Hello! Normally I find that when I come across a word that has a whole bunch of seemingly unrelated translations, it usually means there’s a kind of underlying feeling which ties them together under the surface. Not a single word or translation, but a kind of concept that exists in native speakers that doesn’t translate easily.

So I was a little confused when I looked up “振”. I came to it through “振り返る”, which translated as “look back”. This came from “振る” as “wave”. So I could see it being “to return a wave”… ok… fine. Not the same meaning really, but I could make it work.

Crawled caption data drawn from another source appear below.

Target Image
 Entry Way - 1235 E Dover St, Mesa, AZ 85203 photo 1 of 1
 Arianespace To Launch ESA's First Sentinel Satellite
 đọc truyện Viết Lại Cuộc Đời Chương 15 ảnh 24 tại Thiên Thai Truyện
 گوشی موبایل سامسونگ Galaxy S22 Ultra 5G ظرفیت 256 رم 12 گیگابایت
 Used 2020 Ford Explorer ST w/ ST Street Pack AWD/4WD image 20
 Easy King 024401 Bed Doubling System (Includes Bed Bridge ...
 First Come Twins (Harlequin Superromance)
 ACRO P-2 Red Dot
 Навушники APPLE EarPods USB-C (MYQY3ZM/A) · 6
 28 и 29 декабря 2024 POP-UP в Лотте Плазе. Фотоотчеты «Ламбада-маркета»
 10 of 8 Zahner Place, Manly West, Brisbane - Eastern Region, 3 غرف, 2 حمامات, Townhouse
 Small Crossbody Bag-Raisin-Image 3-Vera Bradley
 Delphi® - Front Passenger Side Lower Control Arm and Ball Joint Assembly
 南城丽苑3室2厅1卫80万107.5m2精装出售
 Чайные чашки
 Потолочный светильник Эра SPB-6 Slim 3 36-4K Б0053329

But I looked up the Kanji and it’s got some “weird” uses:

1. **Swing, shake, wave.** Makes sense, it’s some sort of rhythmic movement
2. **Appearance or behaviour.** Doesn’t seem related to me
3. **Going to a restaurant without a reservation.** Hmm…
4. **Lead up to a joke.** Hmm…
5. **To cast an actor.** I guess this could be to wave someone over?
6. **To give up something.** I guess this could be to wave something away?
7. 振る舞う – **to make tea for someone.** I don’t really have any guess for this one
8. 振込 – **a payment made through the bank**. Nope, no idea
9. 振り仮名 – **furigana, the little letters over kanji indicating its reading.** This is the one that made me want to ask this question, because that surprised me the most

So, there was a bunch more, but I could see most of them being some version of the above “definitions”. So my question is if it’s possible for someone who is either a native speaker or has gained the feeling to explain what 振 “feels like”, that allows it to show up in these places which seem pretty different to my English brain.

2 comments
  1. words are not always the sum of their kanji’s vague meanings, there are tons of words that have letters in them that just plain have nothing to do with the usage, or utilize a very old reading that was last used thousands of years ago

    also, you’re digging too deeply into dictionaries without consulting sentence examples. 振る舞う means “to conduct or behave”. there’s a tertiary definition of entertaining or serving tea, but that’s not how it’s used. you need to look up modern sentence examples, not just select things from a dictionary – dictionaries are descriptive not proscriptive

    it is frequently not helpful at all to try to memorize every single weird usage that a kanji character has – kanji aren’t words, they aren’t used independently in the language. they can sometimes be helpful in remembering a word that they’re part of when they follow a pattern, but that’s it

  2. On top of what has already been said, it should be noted that some words that have a ton of different meanings, such as 掛ける, used to be many different words written with different kanji. But since most of them were rarely used, they were unified to use a single kanji instead. The result is that the meanings of the word are quite diverse.